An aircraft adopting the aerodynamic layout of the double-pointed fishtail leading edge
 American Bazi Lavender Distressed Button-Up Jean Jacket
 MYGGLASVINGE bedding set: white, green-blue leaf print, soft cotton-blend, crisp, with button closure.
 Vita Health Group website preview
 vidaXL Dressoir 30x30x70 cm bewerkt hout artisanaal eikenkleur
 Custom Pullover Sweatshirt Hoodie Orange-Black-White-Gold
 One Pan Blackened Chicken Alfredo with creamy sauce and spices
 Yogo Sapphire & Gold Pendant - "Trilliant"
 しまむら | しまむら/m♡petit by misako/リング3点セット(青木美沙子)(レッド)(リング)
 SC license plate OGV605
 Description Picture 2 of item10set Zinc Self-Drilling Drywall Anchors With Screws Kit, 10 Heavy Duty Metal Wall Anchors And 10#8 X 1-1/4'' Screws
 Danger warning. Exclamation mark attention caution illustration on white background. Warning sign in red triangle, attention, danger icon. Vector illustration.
++++++++++++++++++++
§ **Task statement**
Reproduce only the lines running from the one that contains "SC license plate OGV605" to the last line of the records.

§ **Output below**
 SC license plate OGV605
 Description Picture 2 of item10set Zinc Self-Drilling Drywall Anchors With Screws Kit, 10 Heavy Duty Metal Wall Anchors And 10#8 X 1-1/4'' Screws
 Danger warning. Exclamation mark attention caution illustration on white background. Warning sign in red triangle, attention, danger icon. Vector illustration.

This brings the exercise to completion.